NEW DELHI: As India races to narrow the artificial intelligence gap with the United States and China, it is planning a vast new “data city” to power digital growth on a staggering scale, the man spearheading the project says.

“The AI revolution is here, no second thoughts about it,” said Nara Lokesh, information technology minister for Andhra Pradesh state, which is positioning the city of Visakhapatnam as a cornerstone of India’s AI push.

“And as a nation ... we have taken a stand that we’ve got to embrace it,” he said ahead of an international AI summit next week in New Delhi.

Lokesh boasts the state has secured investment agreements of $175 billion involving 760 projects, including a $15 billion investment by Google for its largest AI infrastructure hub outside the United States.

And a joint venture between India’s Reliance Industries, Canada’s Brookfield and US firm Digital Realty is investing $11 billion to develop an AI data center in the same city.

Visakhapatnam — home to around two million people and popularly known as “Vizag” — is better known for its cricket ground that hosts international matches than cutting-edge technology.

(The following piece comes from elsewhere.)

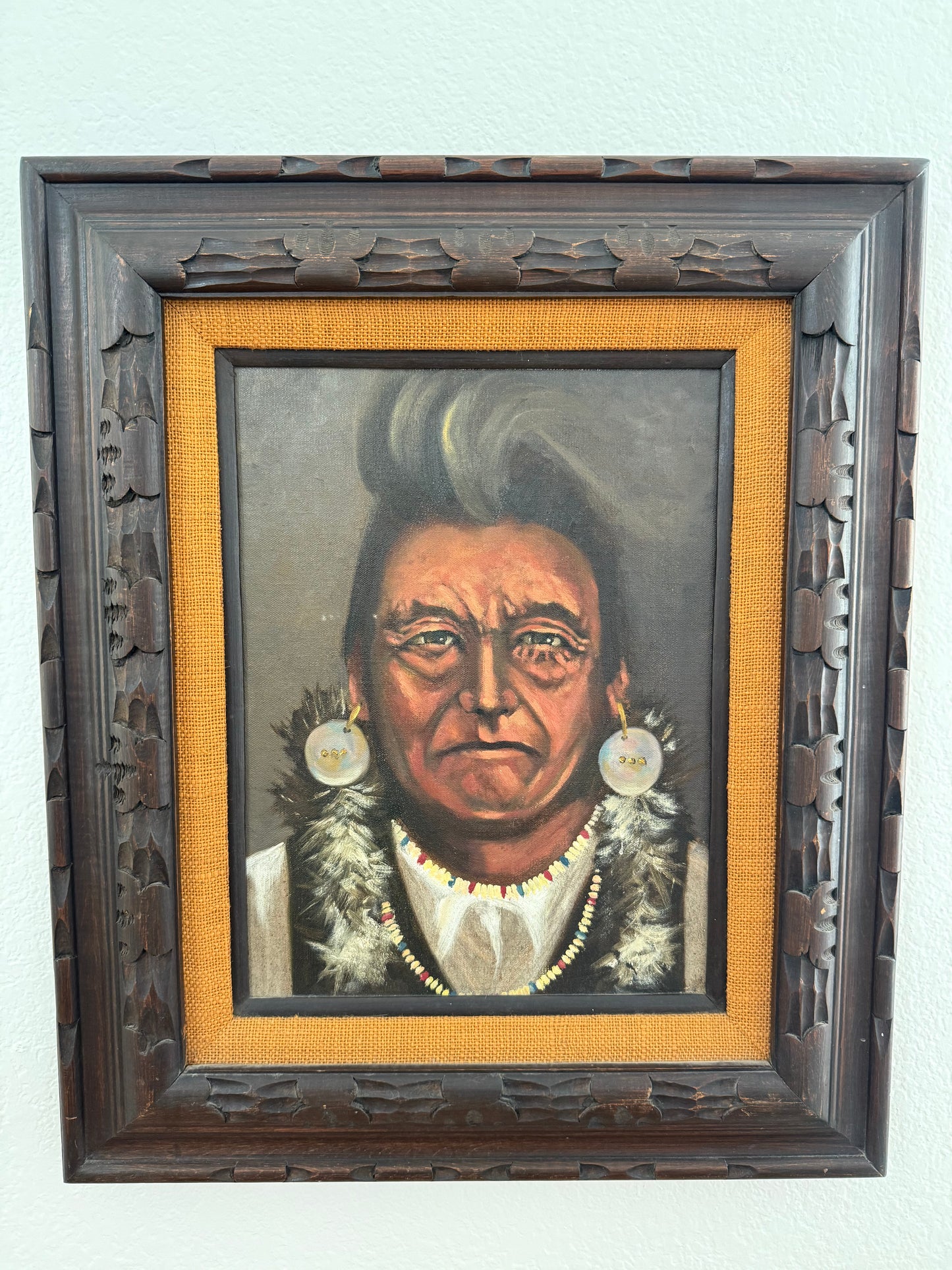 Framed portrait of a Native American Chief with decorative elements on a light gray background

But the southeastern port city is now being pitched as a landing point for submarine internet cables linking India to Singapore.

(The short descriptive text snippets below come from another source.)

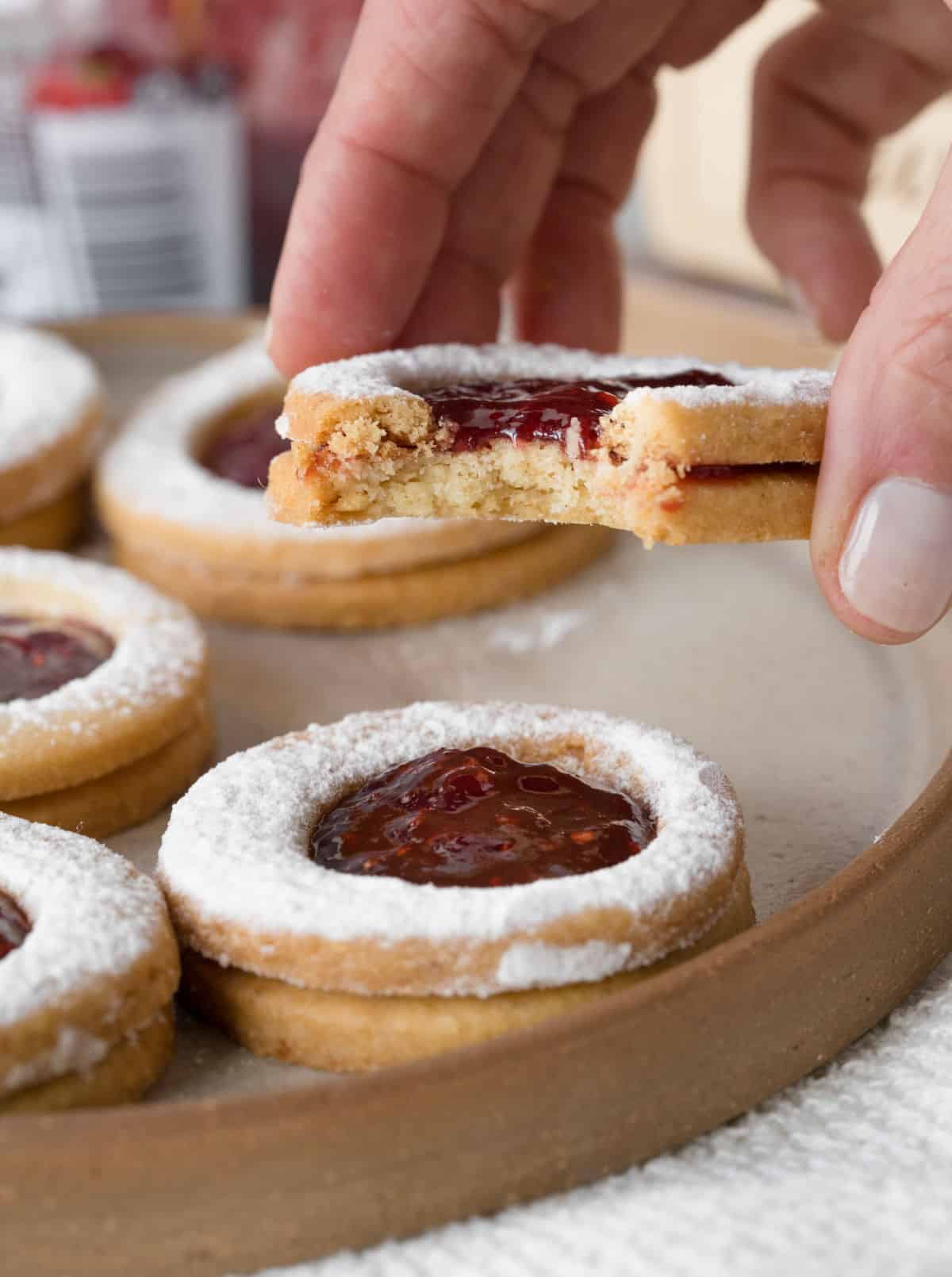 Hand holding bitter linzer cookie with several others whole on a beige tray below. 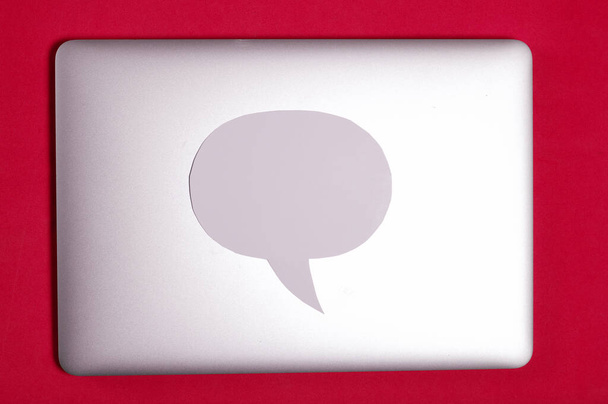 Blogger laptop with a closed lid. A speech bubble lies on the lid. Against the background of coral color. - Photo, Image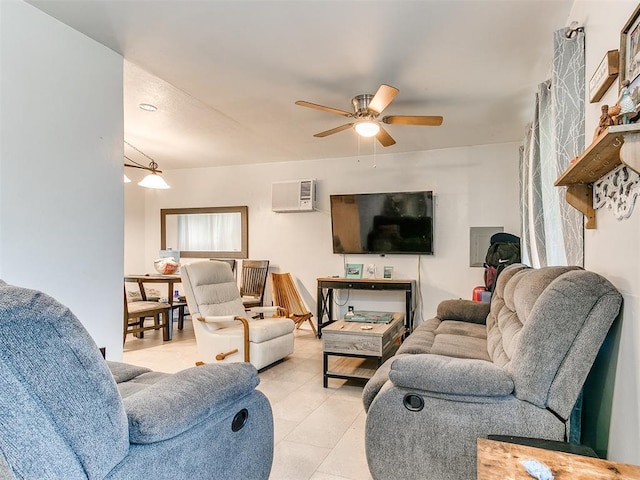 living area with a ceiling fan, a wall mounted AC, and light tile patterned floors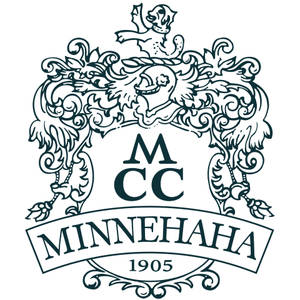 Minnehaha Country Club logo: A dark green heraldic crest: a rampant lion crest standing on a helm draped in elaborate scrolling acanthus mantling, over a plain shield lettered 'M C C' in serif capitals, above a ribbon banner reading MINNEHAHA with the founding year 1905 beneath it.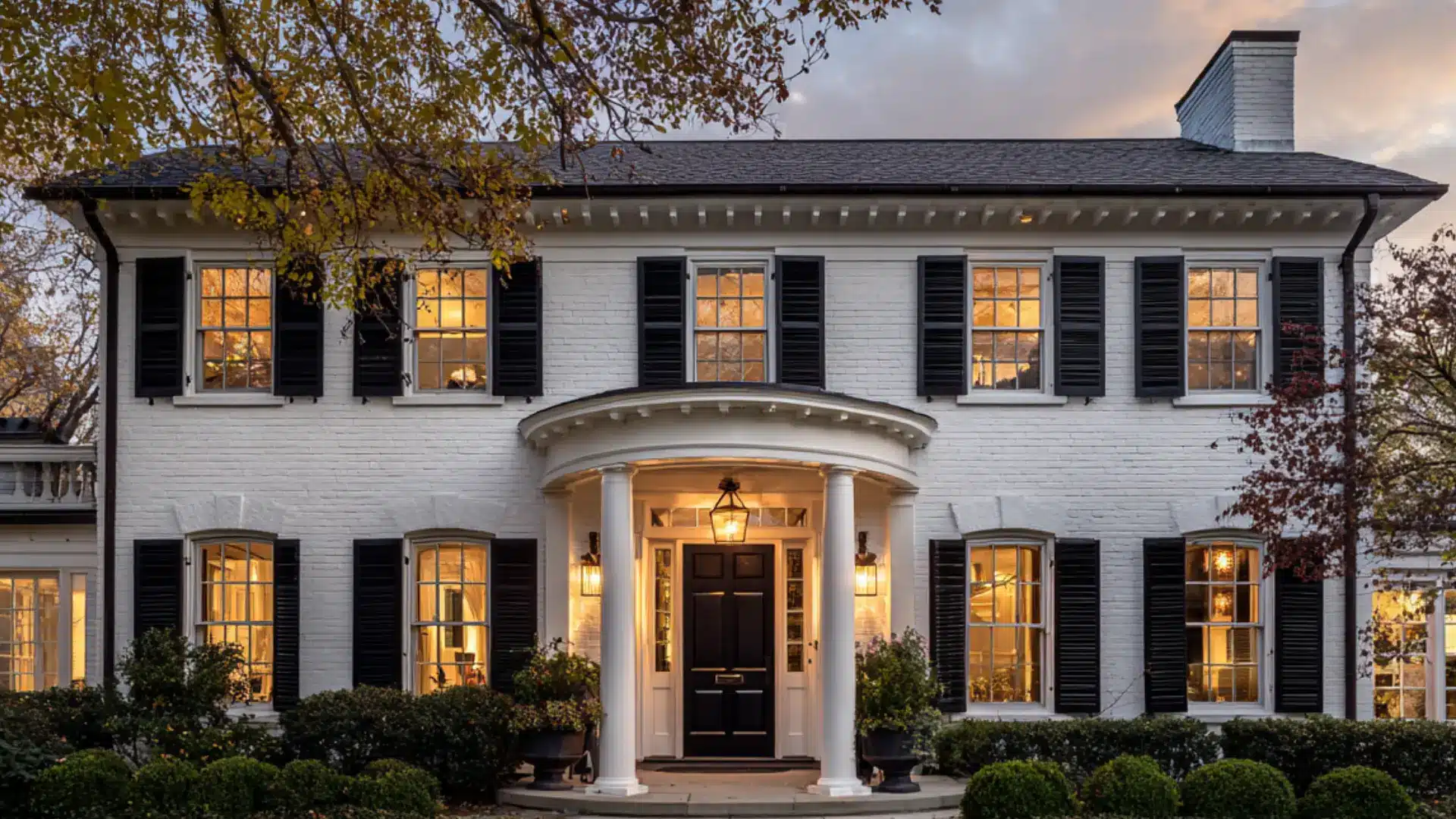 Colonial white brick house with shutters white columns on a large front porch with rocking chairs and green shrubs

“The data city is going to come in one ecosystem ... with a 100 kilometer radius,” Lokesh said. For comparison, Taiwan is roughly 100 kilometers wide.

Lokesh said the plan goes far beyond data connectivity, adding that his state had “received close to 25 percent of all foreign direct investments” to India in 2025.

“It’s not just about the data centers,” he explained while outlining a sweeping vision of change, with Andhra Pradesh offering land at one US cent per acre for major investors.